Written by Chris Floyd   
Thursday, 11 March 2010 14:49

Rep. Dennis Kucinich's proposal to withdraw from Afghanistan was debated, heatedly, for hours in the House of Representatives on Wednesday. After the debate, dozens of Representatives cast their vote to end the war immediately. This was an unprecedented event in the history of the conflict, now in its ninth year.

Think about that for a moment: an unprecedented event, on the floor of the House, going on for hours, involving a question of supreme national importance. Regardless of one's position on the issue, is this not the very definition of "news"? But on Thursday morning, you could search high and low on the front pages (print and web) of both the New York Times and the Washington Post -- our national arbiters of serious newsworthiness -- yet find no mention whatsoever of this event. This, even though the web fronts -- unlike the paper versions -- contain headlines for dozens of stories, including sections devoted entirely to Washington politics.

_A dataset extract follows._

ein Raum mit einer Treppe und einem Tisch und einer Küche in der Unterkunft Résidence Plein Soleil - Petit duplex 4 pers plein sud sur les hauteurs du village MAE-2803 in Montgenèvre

You would have had to know about the debate already -- or else trawl diligently through piles of pixels or print -- to reach the small stories that our papers of record deigned to release on the subject. No ordinary newspaper reader -- someone who has a more than passing interest in current events but also has a life to live -- would even know that such a debate took place, much less learn anything about the powerful arguments against the war delivered on the floor of the national legislature. That is to say, it is entirely possible that a reasonably informed and engaged citizen of the Republic would not even be aware that dozens of elected officials at the highest level of government voiced their support for the most radical position on the war: immediate withdrawal.

But such is the way of our imperial system. Our ruling class does not want the citizenry to know there are any alternatives to the grand bipartisan consensus on the true aims of government: servicing the needs of Militarism and Money. And so what cannot be ignored entirely is buried "certain fathoms in the earth ... deeper than did ever plummet sound."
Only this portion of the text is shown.